Si nous savions que le résultat allait agiter les éditorialistes, qui pouvait présager de l’abondance de délirantes prédictions et interrogations qui ne cessa de pleuvoir sur L’Union européenne ces deux derniers jours ? Alors que certains se demandaient si les Anglais allaient pouvoir finir l’Euro, oubliant que la Russie était de la partie bien que non membre de la fameuse Union, d’autres (dont pas moins de 2000% des habitants du Vatican…) signaient déjà une pétition pour qu’un second référendum ait lieu. En effet, le sondage indiquant que la population âgée avait fait sortir le Royaume Uni de l’UE quand bien même les jeunes formaient le camp du « Remain », fit pousser des ailes anti-démocratiques à quelques observateurs zélés. Cela semble tout de même un peu facile, et il faudrait analyser, comme Mediapart l’a fait, une autre ligne de fracture, géographique et économique, entre les plus riches habitants des grandes villes et les plus pauvres, ruraux. C’est normal, les pauvres sont mal éduqués et incapables de comprendre les « enjeux », diront certains, à qui nous rétorquerons que la politique européenne profite effectivement plus aux banquiers londoniens qu’aux agriculteurs des campagnes anglaises. Bref, oublions les regards alarmistes vers le passé et les prévisions catastrophistes et tentons de tirer les choses au clair sur cette affaire anglaise.
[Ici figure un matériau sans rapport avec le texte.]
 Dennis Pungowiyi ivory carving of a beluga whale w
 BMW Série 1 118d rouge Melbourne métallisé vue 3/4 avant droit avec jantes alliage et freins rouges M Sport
Pour qui se sent l’âme européenne, c’est effectivement une bien triste nouvelle que ce Brexit. Beaucoup d’inquiétudes sont absolument légitimes et auraient dû être posées bien avant le vote. Cependant, pour qui n’est ni gérontophobe ni prolophobe, force est de prendre acte de cette décision populaire et de penser en conséquence. Pour ma part, je me rangerais du camp des optimistes. L’UE en état est un couteux échec, et voilà venue l’occasion de la tirer de sa torpeur bureaucratique pour la rebâtir ! Il faut qu’émerge une foule de propositions pour son avenir, et sur la nature des liens qui devront unir les pays européens. Devant les divergences qui amortissent ou annulent l’effet attendu des politiques, pourquoi ne pas penser une construction plus diverse ? On pourrait imaginer un noyau européen très lié avec un budget digne de ce nom et des décisions politiques efficaces entouré d’une couronne économique au sein de laquelle le Royaume Uni et d’autres trouveraient leur place. Elaborons une foule de projets dont nous pourrions sélectionner le plus réaliste et, pragmatiques plutôt qu’idéalistes, prendre en main le futur européen. Pour cela, il faut évidemment sortir des postures démagogiques, ou xénophobes ou pitoyablement irréalistes, et mener un débat fondateur.